--- Source data ---
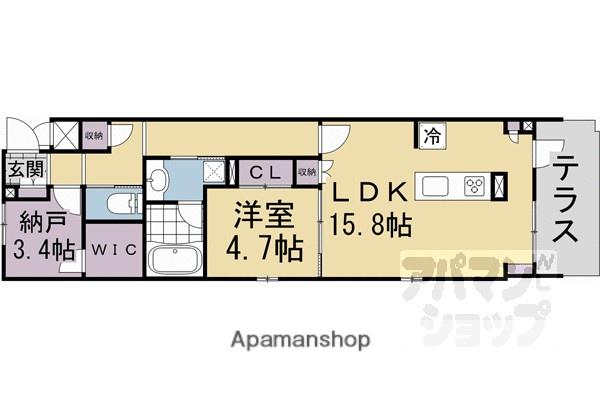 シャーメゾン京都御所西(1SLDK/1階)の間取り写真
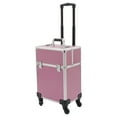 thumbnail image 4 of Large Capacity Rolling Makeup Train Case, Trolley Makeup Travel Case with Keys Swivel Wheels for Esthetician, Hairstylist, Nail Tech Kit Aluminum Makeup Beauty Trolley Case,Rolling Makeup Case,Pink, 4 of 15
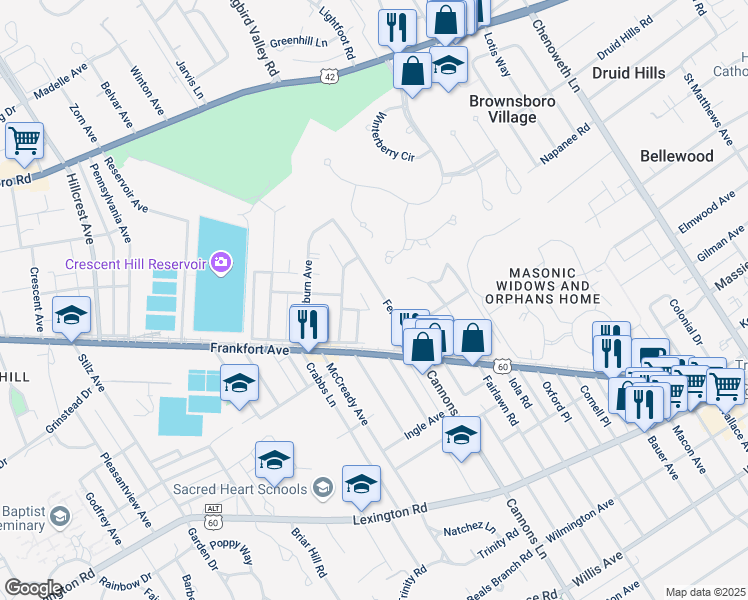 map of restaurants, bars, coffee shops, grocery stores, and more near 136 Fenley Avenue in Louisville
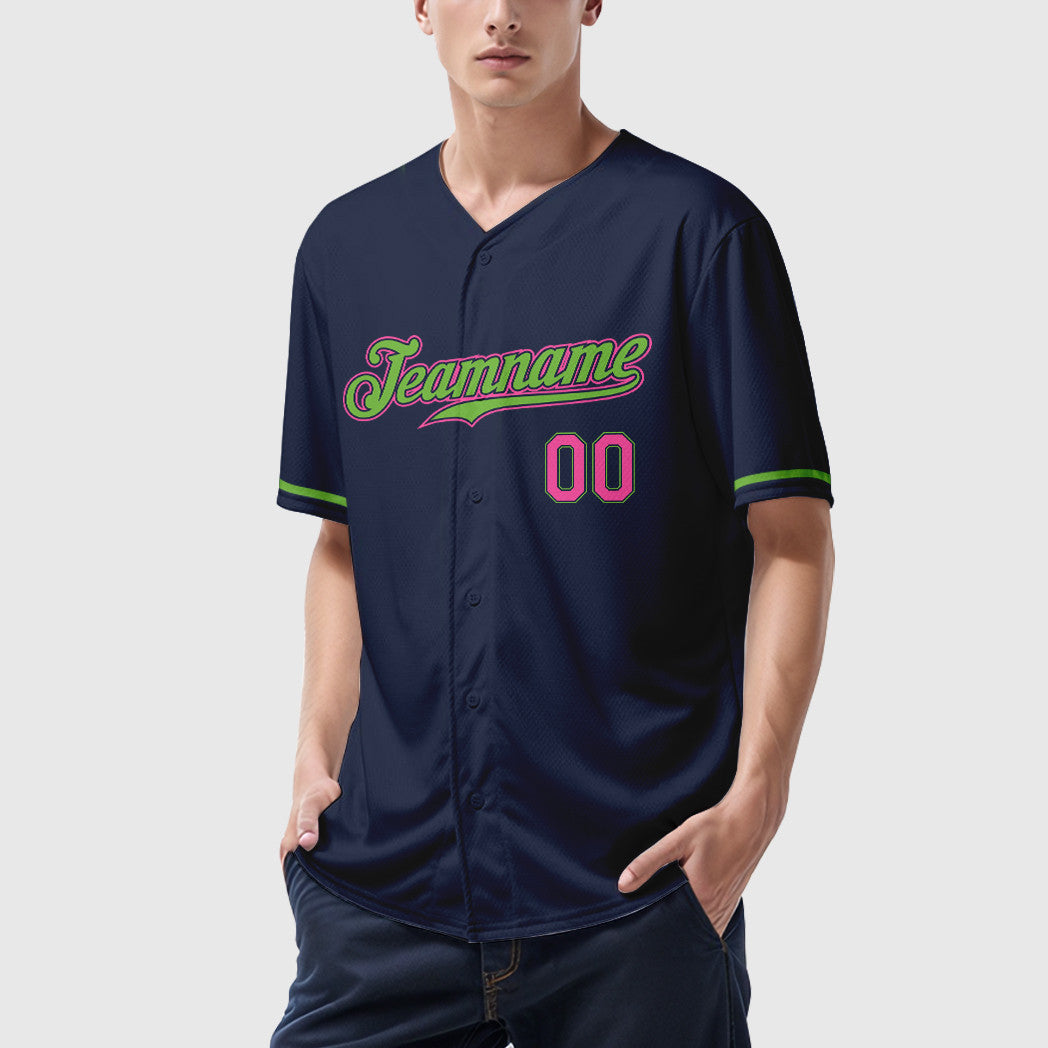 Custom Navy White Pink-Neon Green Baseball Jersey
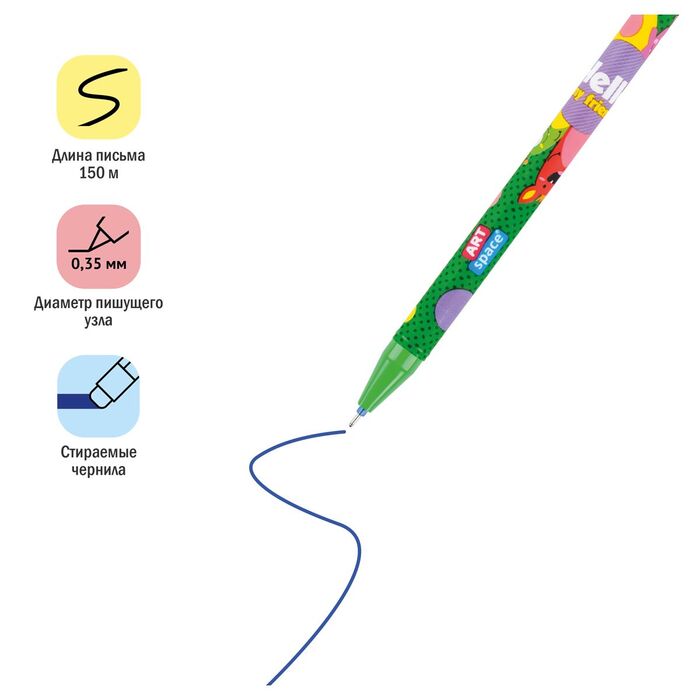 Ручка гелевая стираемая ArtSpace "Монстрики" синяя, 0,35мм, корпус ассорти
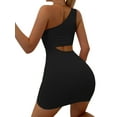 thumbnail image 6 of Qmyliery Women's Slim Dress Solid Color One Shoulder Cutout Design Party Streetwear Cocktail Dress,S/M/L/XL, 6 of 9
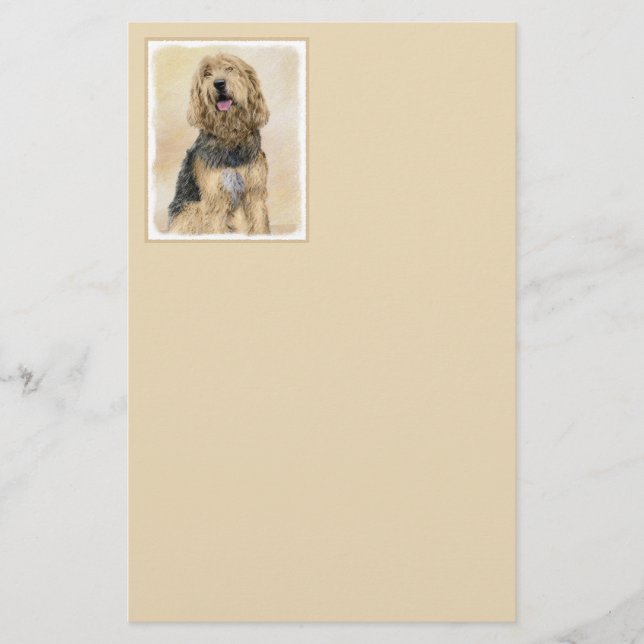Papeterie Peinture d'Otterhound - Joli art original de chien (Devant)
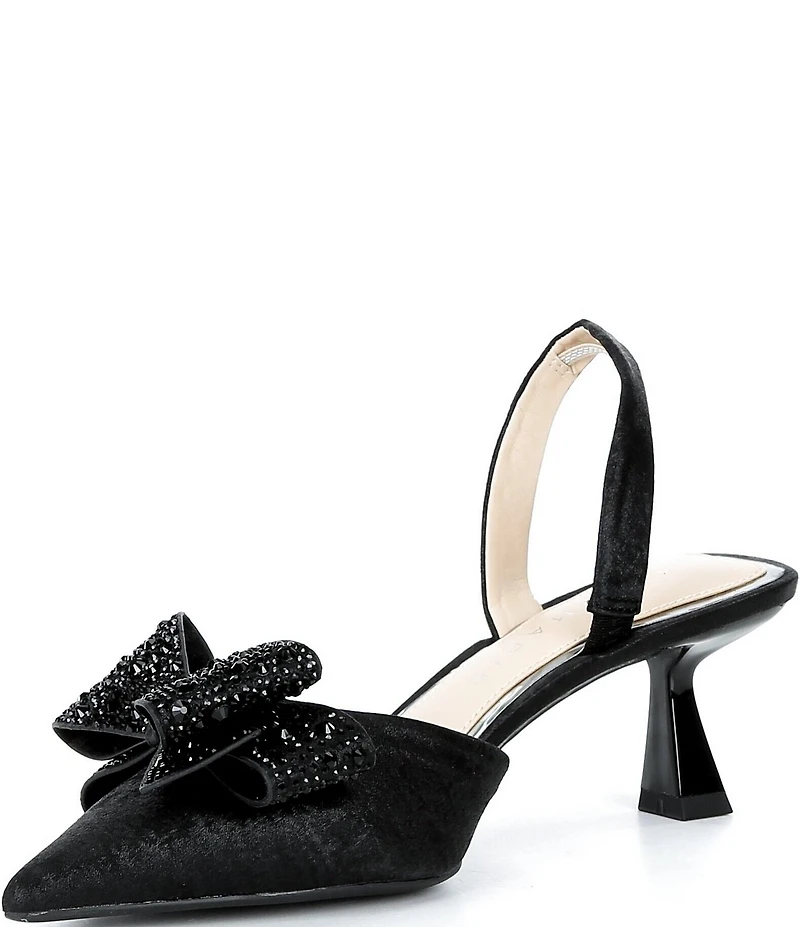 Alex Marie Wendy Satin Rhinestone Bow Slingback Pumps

--- What is being asked ---
Set down exactly the lines between the one with "Papeterie Peinture d'Otterhound" and the last line of the material above, both included, but none of the pictures.

--- Output of the task ---
Papeterie Peinture d'Otterhound - Joli art original de chien (Devant)
 Alex Marie Wendy Satin Rhinestone Bow Slingback Pumps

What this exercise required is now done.